Extracted records:
────────────────────

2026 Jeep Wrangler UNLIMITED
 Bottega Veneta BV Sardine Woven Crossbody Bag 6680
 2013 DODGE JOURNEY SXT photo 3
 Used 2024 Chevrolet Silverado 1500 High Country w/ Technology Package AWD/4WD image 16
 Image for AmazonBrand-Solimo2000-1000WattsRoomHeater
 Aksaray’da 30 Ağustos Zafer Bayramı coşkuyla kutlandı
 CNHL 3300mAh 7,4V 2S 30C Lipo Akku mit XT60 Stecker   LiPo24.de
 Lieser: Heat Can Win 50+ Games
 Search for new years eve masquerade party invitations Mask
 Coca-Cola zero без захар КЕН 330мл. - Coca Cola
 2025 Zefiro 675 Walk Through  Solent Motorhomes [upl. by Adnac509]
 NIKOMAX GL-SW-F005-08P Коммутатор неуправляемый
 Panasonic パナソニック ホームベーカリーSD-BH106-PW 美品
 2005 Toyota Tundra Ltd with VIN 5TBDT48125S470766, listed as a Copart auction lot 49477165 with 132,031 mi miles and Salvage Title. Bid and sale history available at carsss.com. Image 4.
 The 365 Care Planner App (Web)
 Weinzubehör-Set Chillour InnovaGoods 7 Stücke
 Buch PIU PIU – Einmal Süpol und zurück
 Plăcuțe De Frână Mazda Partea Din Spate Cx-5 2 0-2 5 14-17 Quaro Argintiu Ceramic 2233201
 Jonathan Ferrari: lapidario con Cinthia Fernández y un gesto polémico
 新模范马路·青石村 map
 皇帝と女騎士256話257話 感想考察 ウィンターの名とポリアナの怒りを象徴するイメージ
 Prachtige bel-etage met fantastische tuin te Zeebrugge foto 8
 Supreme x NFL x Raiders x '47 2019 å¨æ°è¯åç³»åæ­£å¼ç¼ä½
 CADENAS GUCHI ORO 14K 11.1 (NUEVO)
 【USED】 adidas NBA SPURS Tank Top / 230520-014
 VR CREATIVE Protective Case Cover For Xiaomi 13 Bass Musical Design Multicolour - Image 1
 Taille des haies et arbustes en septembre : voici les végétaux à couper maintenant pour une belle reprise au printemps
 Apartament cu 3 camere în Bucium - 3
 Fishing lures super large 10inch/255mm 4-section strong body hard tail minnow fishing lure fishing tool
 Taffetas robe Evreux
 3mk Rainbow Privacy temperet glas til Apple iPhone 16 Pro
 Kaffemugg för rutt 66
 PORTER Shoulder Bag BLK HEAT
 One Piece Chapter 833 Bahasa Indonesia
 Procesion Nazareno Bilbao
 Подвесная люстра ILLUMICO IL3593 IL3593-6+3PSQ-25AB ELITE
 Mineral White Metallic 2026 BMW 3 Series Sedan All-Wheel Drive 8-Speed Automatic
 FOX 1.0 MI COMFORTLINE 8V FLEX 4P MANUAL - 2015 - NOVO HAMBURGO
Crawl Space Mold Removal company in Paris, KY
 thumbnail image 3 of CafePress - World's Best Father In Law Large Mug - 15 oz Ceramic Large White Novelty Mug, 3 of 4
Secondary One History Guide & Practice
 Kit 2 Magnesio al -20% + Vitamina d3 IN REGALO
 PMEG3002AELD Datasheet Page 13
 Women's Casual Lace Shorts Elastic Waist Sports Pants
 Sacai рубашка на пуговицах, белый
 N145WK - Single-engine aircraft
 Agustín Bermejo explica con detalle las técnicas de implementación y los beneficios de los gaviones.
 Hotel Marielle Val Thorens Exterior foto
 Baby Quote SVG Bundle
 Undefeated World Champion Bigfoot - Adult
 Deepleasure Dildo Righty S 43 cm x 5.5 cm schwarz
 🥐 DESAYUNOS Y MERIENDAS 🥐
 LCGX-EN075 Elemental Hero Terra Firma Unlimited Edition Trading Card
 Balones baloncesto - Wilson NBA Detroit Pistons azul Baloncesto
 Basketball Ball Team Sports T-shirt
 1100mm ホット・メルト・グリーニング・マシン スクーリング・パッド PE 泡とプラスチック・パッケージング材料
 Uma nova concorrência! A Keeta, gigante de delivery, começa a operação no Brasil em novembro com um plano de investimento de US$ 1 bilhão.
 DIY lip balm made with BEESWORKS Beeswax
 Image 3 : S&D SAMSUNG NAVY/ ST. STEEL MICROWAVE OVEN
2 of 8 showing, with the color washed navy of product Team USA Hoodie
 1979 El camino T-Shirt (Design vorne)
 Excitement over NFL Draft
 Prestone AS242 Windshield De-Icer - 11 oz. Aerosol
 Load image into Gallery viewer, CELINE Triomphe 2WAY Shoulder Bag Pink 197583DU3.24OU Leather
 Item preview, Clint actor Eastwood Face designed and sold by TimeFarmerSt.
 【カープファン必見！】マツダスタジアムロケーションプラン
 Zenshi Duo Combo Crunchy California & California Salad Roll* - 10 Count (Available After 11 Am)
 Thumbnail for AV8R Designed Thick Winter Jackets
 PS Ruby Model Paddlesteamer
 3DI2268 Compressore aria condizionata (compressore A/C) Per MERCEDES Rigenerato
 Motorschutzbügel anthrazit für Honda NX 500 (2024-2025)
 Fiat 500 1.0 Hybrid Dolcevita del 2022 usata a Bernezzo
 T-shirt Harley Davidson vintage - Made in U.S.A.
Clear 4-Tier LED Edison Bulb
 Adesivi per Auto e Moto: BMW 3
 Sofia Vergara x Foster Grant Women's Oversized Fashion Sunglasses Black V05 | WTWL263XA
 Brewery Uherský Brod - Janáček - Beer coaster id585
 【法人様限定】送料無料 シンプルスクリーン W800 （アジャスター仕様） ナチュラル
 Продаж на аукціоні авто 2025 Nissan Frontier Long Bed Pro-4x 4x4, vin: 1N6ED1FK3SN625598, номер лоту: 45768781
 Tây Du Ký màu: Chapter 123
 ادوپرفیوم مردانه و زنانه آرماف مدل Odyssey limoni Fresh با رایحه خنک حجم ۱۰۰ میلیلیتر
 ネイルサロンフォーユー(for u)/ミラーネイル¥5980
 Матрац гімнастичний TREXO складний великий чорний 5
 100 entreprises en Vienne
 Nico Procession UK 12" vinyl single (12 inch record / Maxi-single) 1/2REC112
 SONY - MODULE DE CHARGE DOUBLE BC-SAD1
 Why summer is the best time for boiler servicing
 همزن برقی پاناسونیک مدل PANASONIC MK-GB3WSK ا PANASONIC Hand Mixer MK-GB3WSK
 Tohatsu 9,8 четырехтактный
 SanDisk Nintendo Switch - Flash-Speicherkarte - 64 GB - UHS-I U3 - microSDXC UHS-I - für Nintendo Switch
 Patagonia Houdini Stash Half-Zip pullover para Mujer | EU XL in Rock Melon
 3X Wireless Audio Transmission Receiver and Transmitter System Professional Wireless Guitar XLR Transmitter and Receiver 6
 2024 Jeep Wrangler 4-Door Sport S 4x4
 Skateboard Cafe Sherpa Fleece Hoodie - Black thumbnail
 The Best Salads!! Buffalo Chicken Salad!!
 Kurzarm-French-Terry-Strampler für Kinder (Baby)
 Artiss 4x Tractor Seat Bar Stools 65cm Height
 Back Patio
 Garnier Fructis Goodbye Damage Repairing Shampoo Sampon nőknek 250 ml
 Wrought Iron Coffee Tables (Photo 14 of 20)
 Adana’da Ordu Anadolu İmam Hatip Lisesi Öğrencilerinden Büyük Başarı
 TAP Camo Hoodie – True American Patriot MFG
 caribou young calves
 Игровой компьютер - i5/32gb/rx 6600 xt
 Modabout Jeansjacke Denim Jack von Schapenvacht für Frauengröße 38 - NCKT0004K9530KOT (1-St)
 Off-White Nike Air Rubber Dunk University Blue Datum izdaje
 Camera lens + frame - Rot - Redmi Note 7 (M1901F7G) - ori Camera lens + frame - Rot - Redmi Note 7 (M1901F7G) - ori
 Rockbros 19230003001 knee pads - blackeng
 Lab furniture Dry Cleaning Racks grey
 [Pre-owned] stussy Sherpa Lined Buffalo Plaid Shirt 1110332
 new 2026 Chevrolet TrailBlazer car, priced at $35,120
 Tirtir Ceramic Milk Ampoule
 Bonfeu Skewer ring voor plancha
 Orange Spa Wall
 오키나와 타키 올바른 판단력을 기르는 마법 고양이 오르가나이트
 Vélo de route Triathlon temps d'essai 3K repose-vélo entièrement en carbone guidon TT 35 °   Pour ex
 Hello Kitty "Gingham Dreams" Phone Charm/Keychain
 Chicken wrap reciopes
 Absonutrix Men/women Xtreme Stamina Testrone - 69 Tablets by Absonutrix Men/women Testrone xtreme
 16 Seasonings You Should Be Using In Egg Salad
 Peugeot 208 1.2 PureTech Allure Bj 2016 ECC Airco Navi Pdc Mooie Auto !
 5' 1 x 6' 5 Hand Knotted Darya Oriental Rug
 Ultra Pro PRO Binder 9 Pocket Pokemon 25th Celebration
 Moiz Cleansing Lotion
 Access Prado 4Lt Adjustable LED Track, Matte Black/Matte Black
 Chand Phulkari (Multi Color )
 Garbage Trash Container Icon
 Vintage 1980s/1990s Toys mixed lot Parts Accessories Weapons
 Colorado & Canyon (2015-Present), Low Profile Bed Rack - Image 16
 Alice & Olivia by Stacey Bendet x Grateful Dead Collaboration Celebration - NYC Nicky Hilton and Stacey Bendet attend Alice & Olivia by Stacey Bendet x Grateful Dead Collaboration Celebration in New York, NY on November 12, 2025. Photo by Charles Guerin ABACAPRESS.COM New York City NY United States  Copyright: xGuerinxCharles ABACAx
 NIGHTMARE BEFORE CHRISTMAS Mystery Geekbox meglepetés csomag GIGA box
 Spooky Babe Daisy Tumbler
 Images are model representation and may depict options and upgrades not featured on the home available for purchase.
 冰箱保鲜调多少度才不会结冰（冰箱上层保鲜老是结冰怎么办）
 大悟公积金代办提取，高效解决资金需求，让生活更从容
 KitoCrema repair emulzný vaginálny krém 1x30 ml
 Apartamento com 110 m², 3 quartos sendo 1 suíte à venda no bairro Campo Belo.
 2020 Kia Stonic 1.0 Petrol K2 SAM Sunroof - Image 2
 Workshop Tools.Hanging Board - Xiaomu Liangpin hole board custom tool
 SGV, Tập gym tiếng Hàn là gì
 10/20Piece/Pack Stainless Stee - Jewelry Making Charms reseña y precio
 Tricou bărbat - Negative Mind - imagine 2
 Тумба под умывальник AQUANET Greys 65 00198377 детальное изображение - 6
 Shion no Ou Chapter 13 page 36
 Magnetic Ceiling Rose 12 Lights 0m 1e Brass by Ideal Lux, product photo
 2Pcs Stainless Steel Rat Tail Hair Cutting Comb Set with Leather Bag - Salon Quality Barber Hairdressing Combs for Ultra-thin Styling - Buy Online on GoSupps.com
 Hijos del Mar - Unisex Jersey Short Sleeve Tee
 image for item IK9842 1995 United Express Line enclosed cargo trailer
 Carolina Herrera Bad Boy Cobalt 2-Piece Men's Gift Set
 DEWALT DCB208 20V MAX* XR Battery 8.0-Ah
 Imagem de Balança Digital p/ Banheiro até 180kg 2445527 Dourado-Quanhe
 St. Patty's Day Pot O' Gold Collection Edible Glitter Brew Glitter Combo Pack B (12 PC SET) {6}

────────────────────

> Problem requirements
Of the lines above, retype only those from the line containing "Why summer is" through the line containing "SanDisk Nintendo Switch", including both, exactly.

> Written solution
 Why summer is the best time for boiler servicing
 همزن برقی پاناسونیک مدل PANASONIC MK-GB3WSK ا PANASONIC Hand Mixer MK-GB3WSK
 Tohatsu 9,8 четырехтактный
 SanDisk Nintendo Switch - Flash-Speicherkarte - 64 GB - UHS-I U3 - microSDXC UHS-I - für Nintendo Switch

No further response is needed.